Try it out the next time you find yourself in an art gallery or one of the great museums of the world, or surrounded by some of the incredible artworks of hotels such as Ellerman House in Cape Town and Delaire Graff Estate in Stellenbosch.
Discover more on Art as Therapy’s website.
Delaire Graff Estate, Cape Winelands
A world-class art destination in the Stellenbosch Valley, Delaire Graff Estate offers a rare chance for art aficionados to view some of Laurence Graff’s personal art collection in an outstanding setting. Frequently named one of the world’s top art collectors, Laurence Graff’s collection at the Estate is a carefully curated showcase of some of South Africa’s finest contemporary artists.
In 2013 a very special painting was returned home to South Africa and Delaire Graff Estate. One of the most iconic pieces of the 20th Century – and the first piece of art to inspire a lifelong passion in Laurence Graff – guests can view Vladimir Tretchikoff’s iconic Chinese Girl, currently on display in the entrance to the main building.

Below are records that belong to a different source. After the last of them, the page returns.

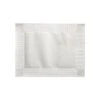 PAPSTAR 1500 Tortenspitzen Fine Line Eckig 34 Cm X 26 Cm Weiss "Firenze" Premium-Qualität -Küchenutensilien Verkäufe b9f7f119 4577 46ff 90ed 90c402475e15 2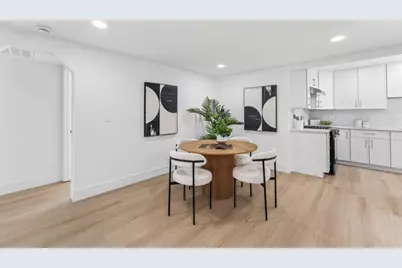 922 N 5th St, San Jose, CA 95112 - Photo 8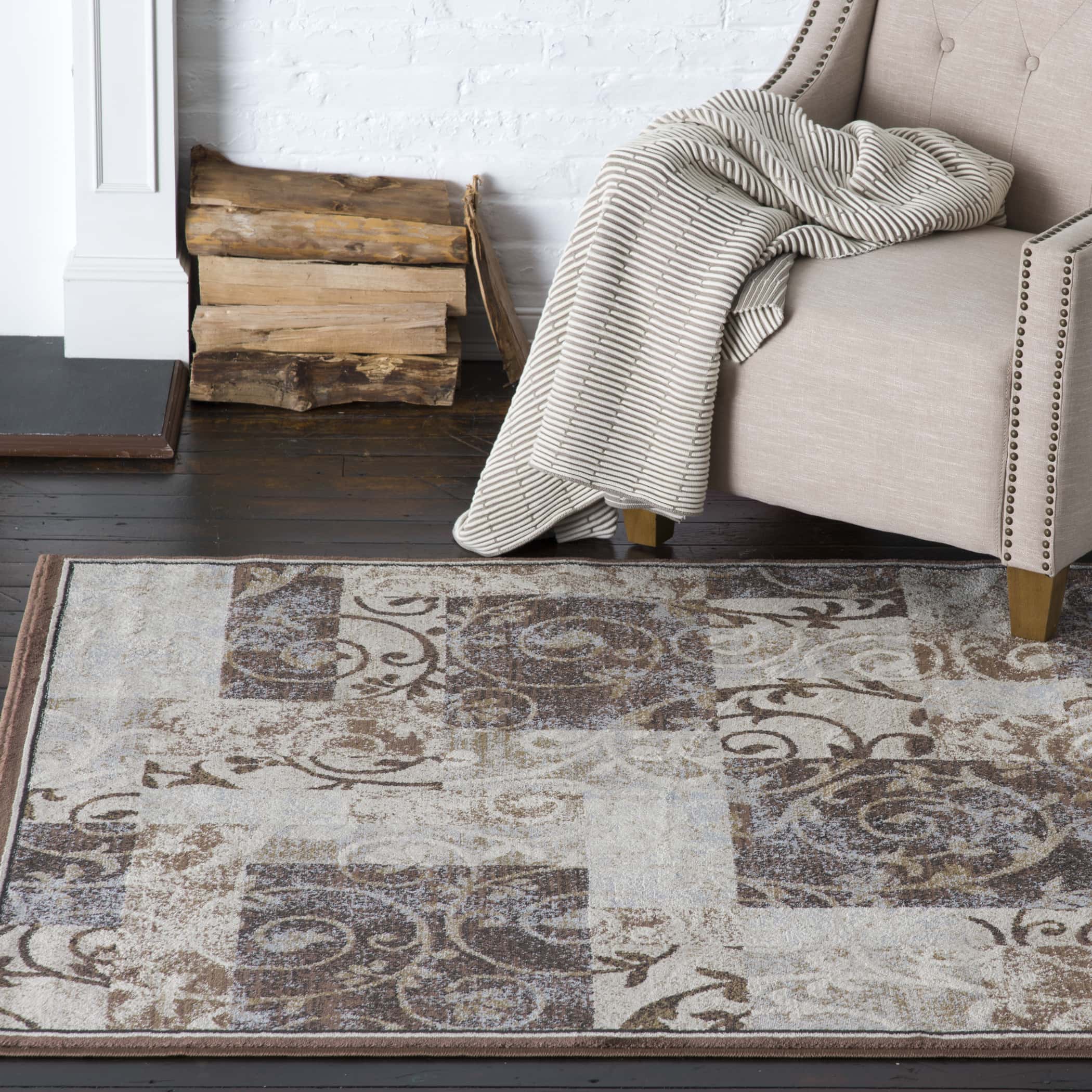 Interlude Terrain 060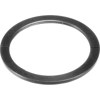 Beseler 39mm Leica Mount Lens Jam Nut.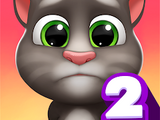 My Talking Tom 2 Lite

Above: Morphous by Lionel Smit
Ellerman House, Cape Town
Fine art is the soul of Ellerman House and the collection that line the walls is what sets us apart form other boutique hotels in South Africa. The art works span over two centuries, from the works of the famous Thomas Bowler showcasing Cape Town in the 1800s to contemporary works from artists such as Lionel Smith and William Kentridge. Ellerman House’s art guide, Talita, runs private tours of the hotel’s art collection starting with the oldest works and ending in the Contemporary Art Gallery, created in 2009. Alternatively, guests can also go on a self-guided iPad tour of the collection in their own time.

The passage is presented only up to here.